I'm sure Richard Hess can shed further light on this, but my experiences with tapes in the Crane Recording Archive is that the sticky-shed tapes are not the ones that are shedding oxide (by "delaminating" I assume you mean that the oxide is peeling off the tape). My entire analog career at Crane was on Ampex tape, mostly 456, but also some 406, 407 and 457. None of those that I've baked and transferred have oxide shedding problems.
The worst offender in our archive, for the problem you describe,. is probably Scotch 201 from the mid-late 1960s. 201 was 3M's last acetate formulation and it's one of the most problematic tapes I've encountered. But, being acetate, you don’t EVER want to try baking it. Besides, the only tapes requiring baking are back-coated tapes, and none of those are acetate, as far as I am aware. Most of my problems with 201 are around splices - the physical cutting of the tape seems to have stressed the tape so it's more prone to oxide flaking there than elsewhere.
Audio Engineer Emeritus
The Crane School of Music
SUNY at Potsdam, NY 13676
"Great art presupposes the alert mind of the educated listener."
"A true artist doesn't want to be admired, he wants to be believed."
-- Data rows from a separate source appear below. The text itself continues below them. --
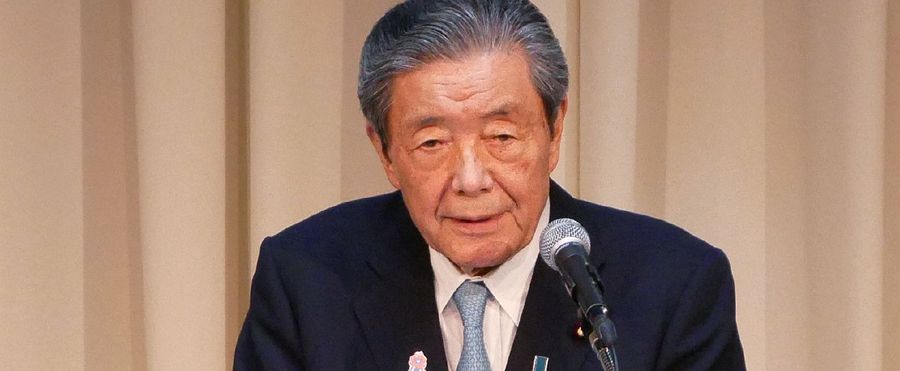 自民党の森山幹事長、4万円給付公約を発表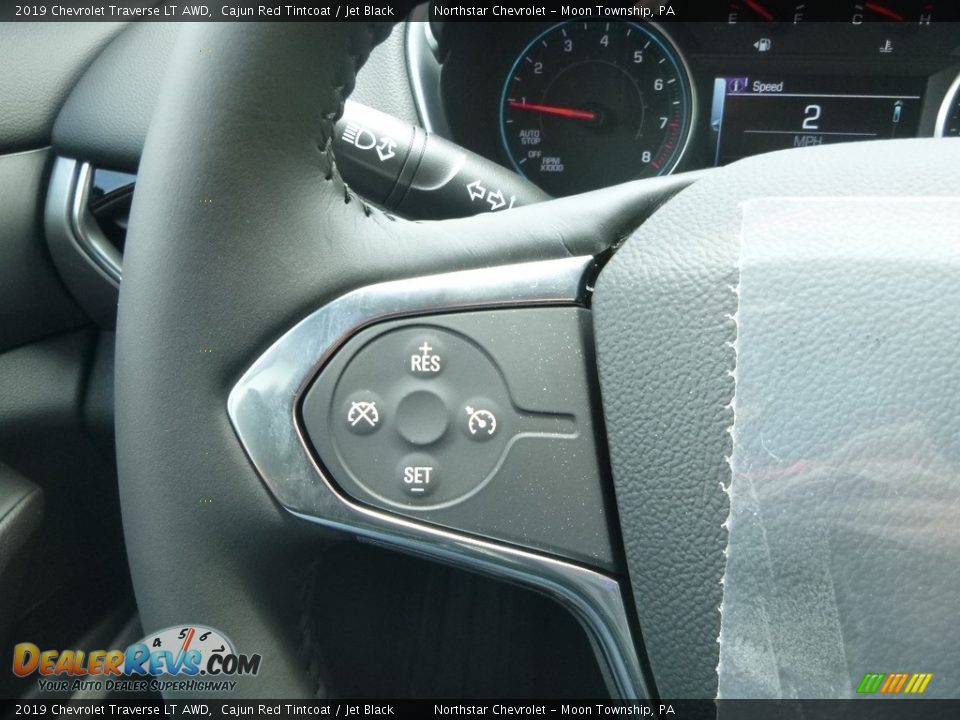 2019 Chevrolet Traverse LT AWD Cajun Red Tintcoat / Jet Black Photo #20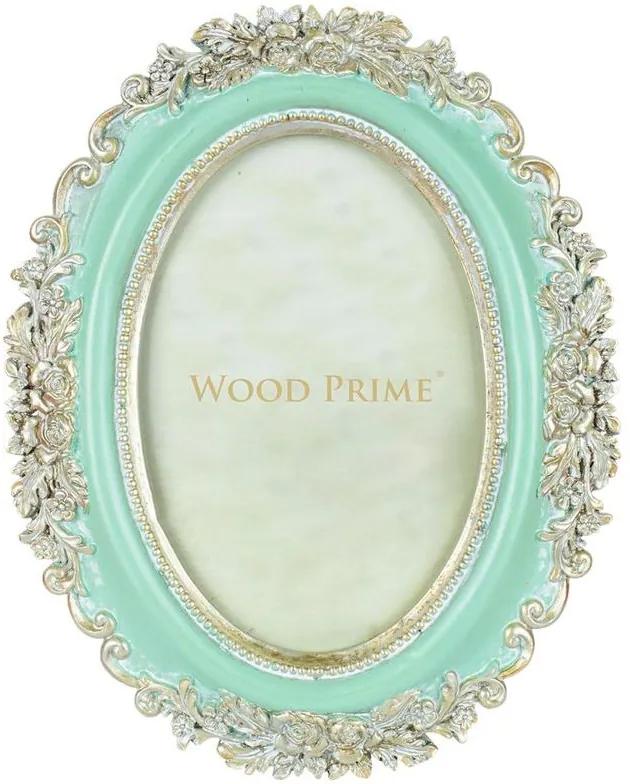 Porta-Retrato Oval 10x15 Verde Bebê - Wood Prime 35314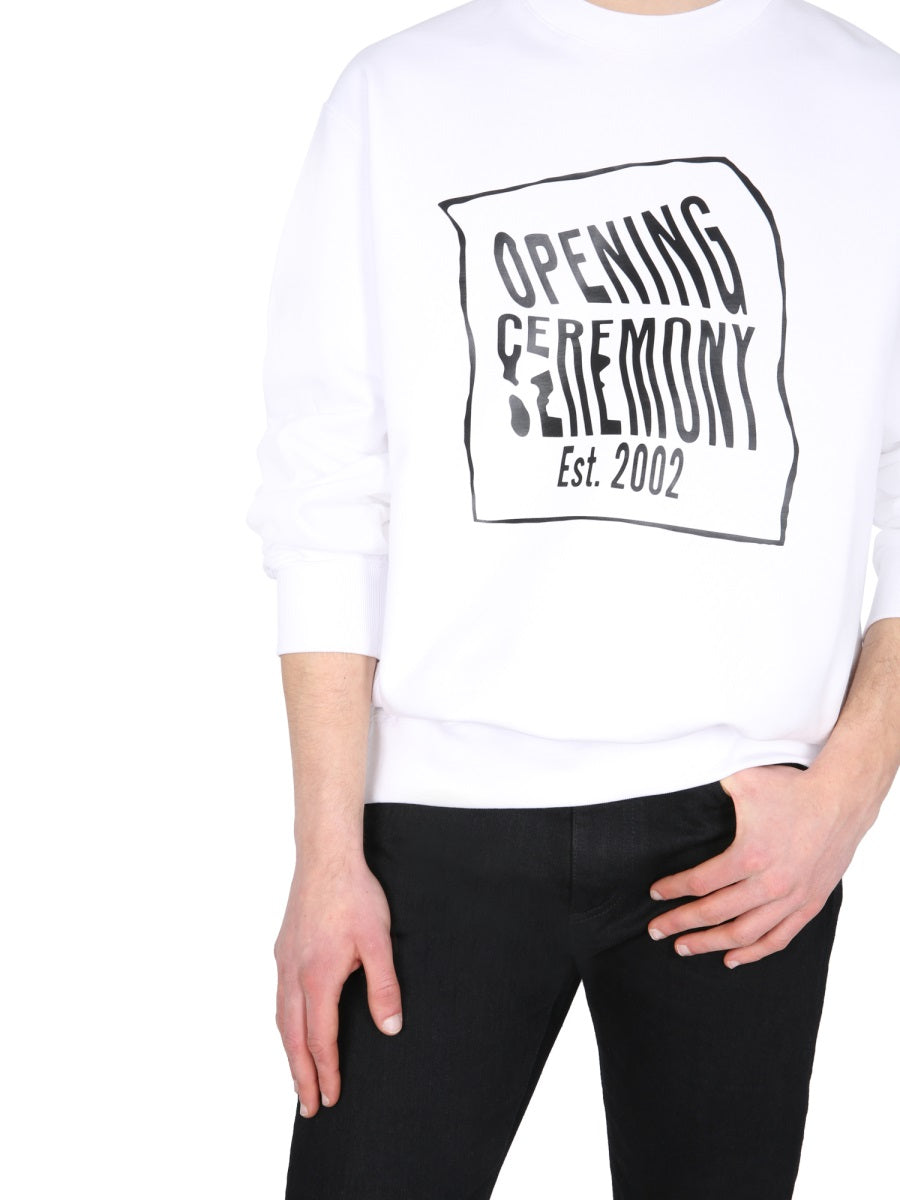 Relaxed Fit Crew Neck Sweatshirt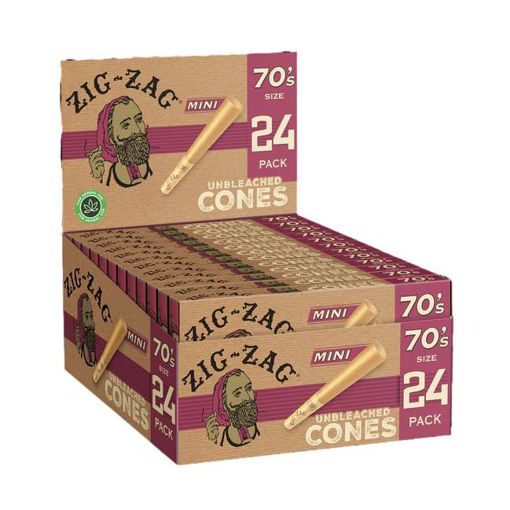 Picture of Zig-Zag Cones-Unbleached 70's Mini 24x12ct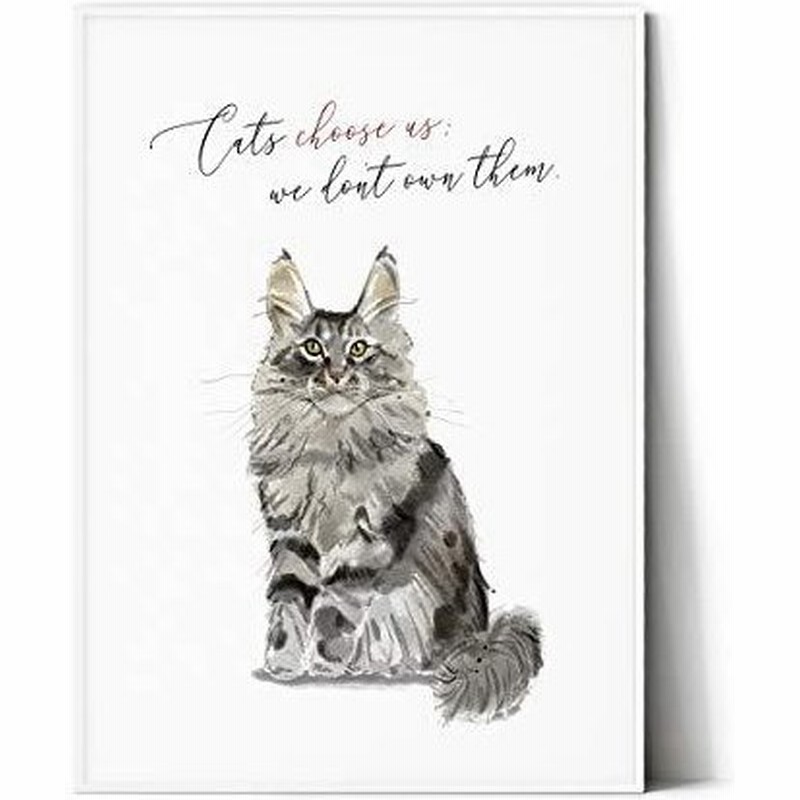 E Hina アートポスター メインクーン 猫 シンプル 名言 ミニマリスト 北欧 インテリアポスター B1サイズ 728 1 通販 Lineポイント最大0 5 Get Lineショッピング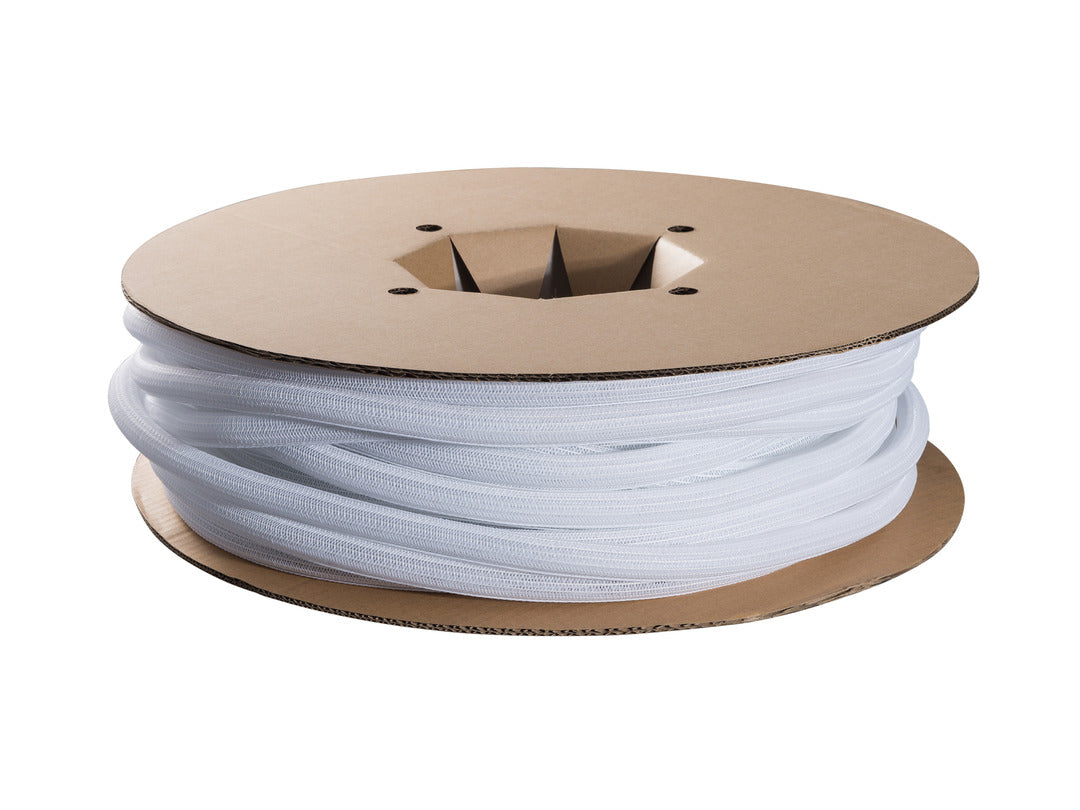 M UNIVERSAL CABLE SOCK SELF WRAP BASIC 19MM WHITE 50M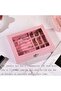 Pink Jewelry Organizer Box with Mirror, Multiple Compartments and Ring Slots, Velvet Jewelry Storage Case for Earrings, Rings, Bracelets, Necklaces and Accessories, Elegant Portable Displ - 4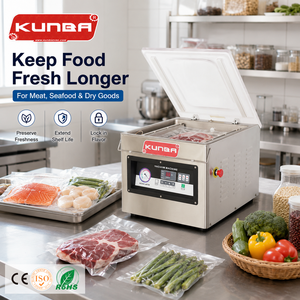<span class=keywords><strong>Machine</strong></span> d'emballage <span class=keywords><strong>sous</strong></span> <span class=keywords><strong>vide</strong></span> automatique à chambre unique KUNBA DZ400 pour aliments, sacs en plastique, viande, usage commercial - Product Image 1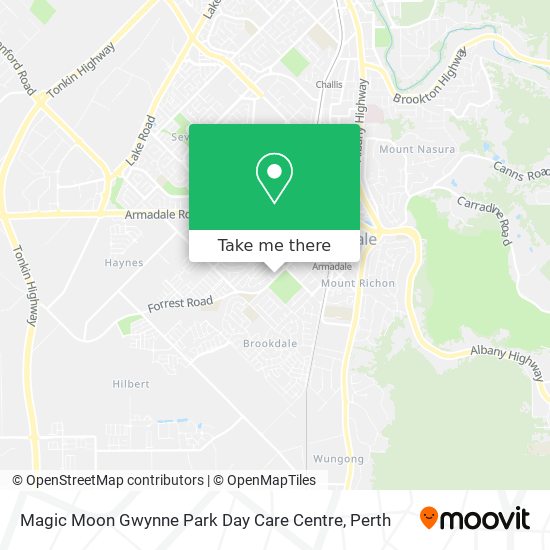 Magic Moon Gwynne Park Day Care Centre map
From: Association for Recorded Sound Discussion List [mailto:[log in to unmask]] On Behalf Of Dan Gleich
Sent: Monday, December 05, 2016 8:00 PM
To: [log in to unmask]
Subject: [ARSCLIST] Baking Tapes and Beyond
Over the course of a large digitizing project of mostly 1/4” tapes, we have run across a few tapes that will actually delaminate when we attempt to play them, in some cases even after the usual low level heat treatment that renders “sticky” tapes playable for transfer. We have a lot of recordings on Ampex 406, 407 and 456, and 3M 226 that I expect we’ll need to treat in order to be able to play them, but I’m wondering if anyone out there has experience with saving tapes that are actually peeling apart.
Any help would be most welcome. Thanks.